1st Half Index Annuity Sales Hit New Record Of Nearly $5 Billion
Equity index annuities hit another sales record in the 2nd quarter of 2002–almost $2.8 billion. Adding in 1st quarter sales of $2.1 billion, the product line produced nearly $5 billion in the first half of the year, says Jack Marrion, president of The Advantage Group, a Maryland Heights, Mo., index product tracking service.
The 2Q sales represent a 74% increase over the same period last year and a 29% increase over 1Q sales this year, Marrion adds.
The results come from The Advantage Groups quarterly survey of EIA providers. Thirty-four of the 36 fixed index annuity insurers currently in the business responded to the survey; they represent an estimated 99% of sales, Marion says. (Two carriers declined to participate, so their sales are estimated, he says.)
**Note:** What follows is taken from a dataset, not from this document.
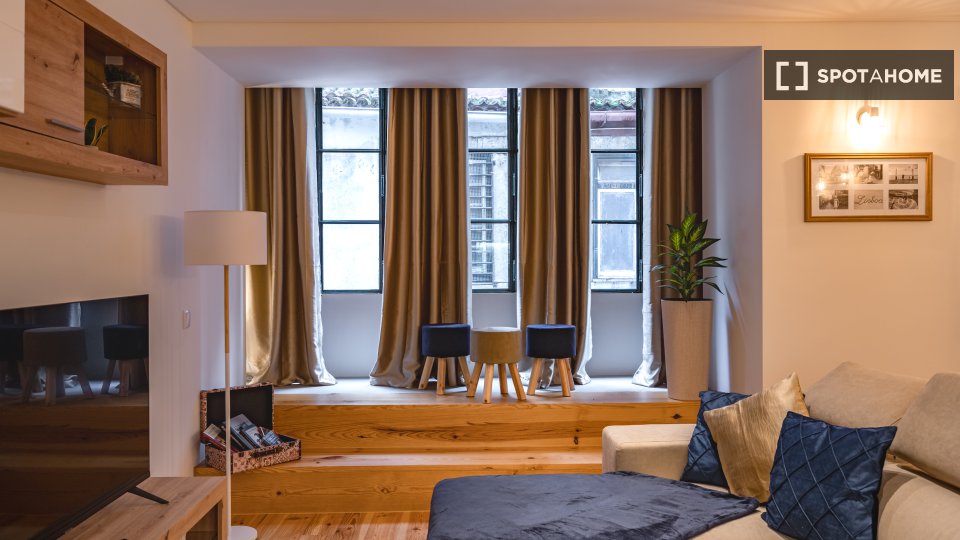 Apartment mono Lisbon, 62m² — photo 1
According to the survey, 43% of new index annuity sales in the 2nd quarter came from clients who made 1,035 exchanges from existing annuities into an index product, he points out.
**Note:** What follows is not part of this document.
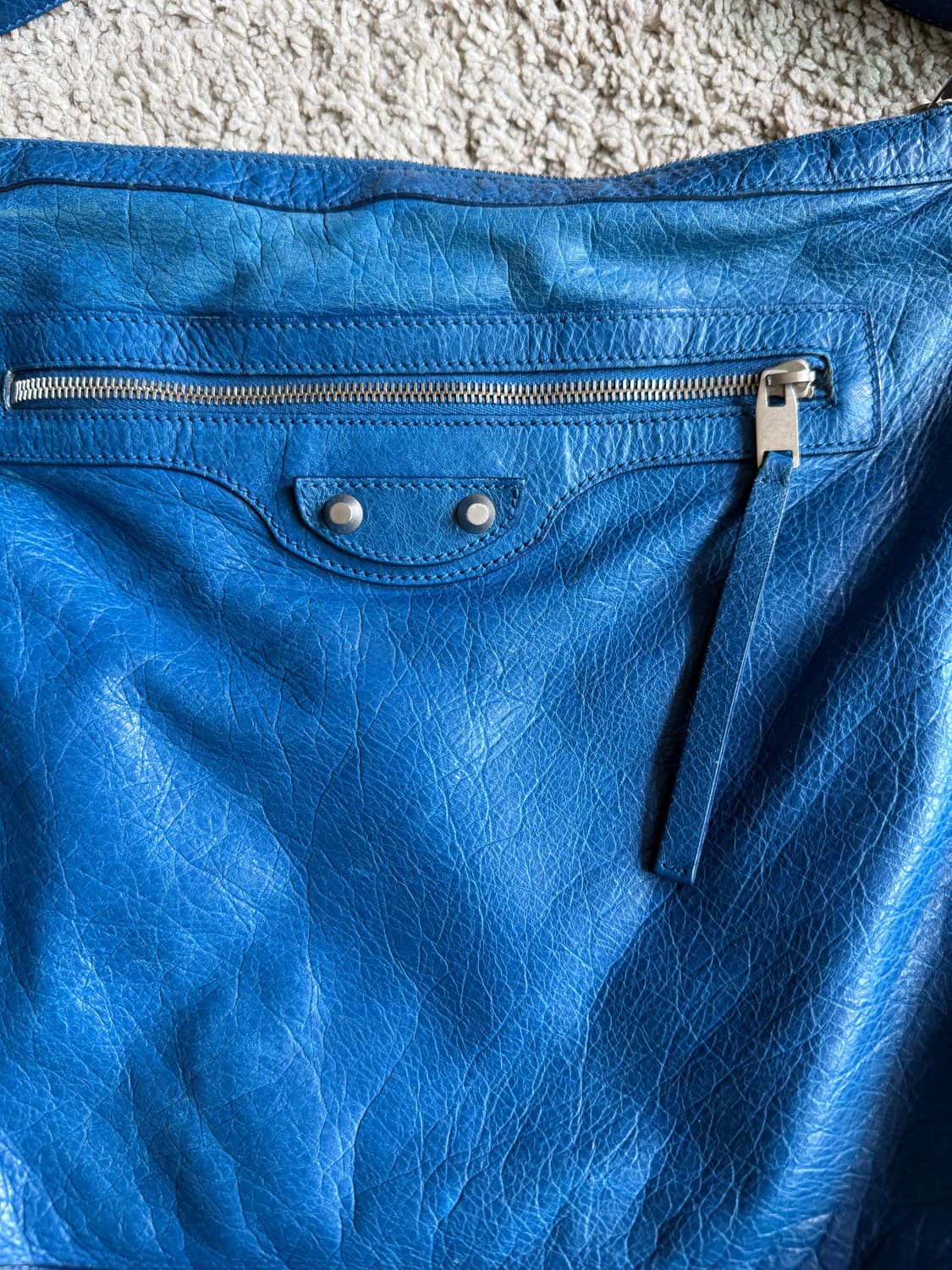 발렌시아가 클래식 데이 모터백 상품이미지2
“This percentage is up from the 40% shown when we last asked about exchanges in October 2001,” Marrion says. The increase is likely due to the fact that 16 index annuities now offer first-year premium bonuses, whereas only a handful had that feature last October, he says. (Note: Bonus annuity sales accounted for 43.77% of 2nd quarter production, the survey says.)
The new money percentage–57%–is much higher than that for variable annuity and traditional fixed annuity sales, Marrion points out.
“My understanding is, a good deal of the 1,035 exchanges are coming from variable annuities,” he says. “Some VA owners probably have found they shouldnt have been in a VA in the first place. They may have realized that they are savers, not investors. The index annuity more closely fits their risk tolerance.”
In general, he says, index annuity buyers like the fact that the products offer protection of principal (through the guaranteed minimum interest rate feature) plus the opportunity to earn higher returns (through excess interest crediting keyed to performance of a market index, such as an equity or bond index).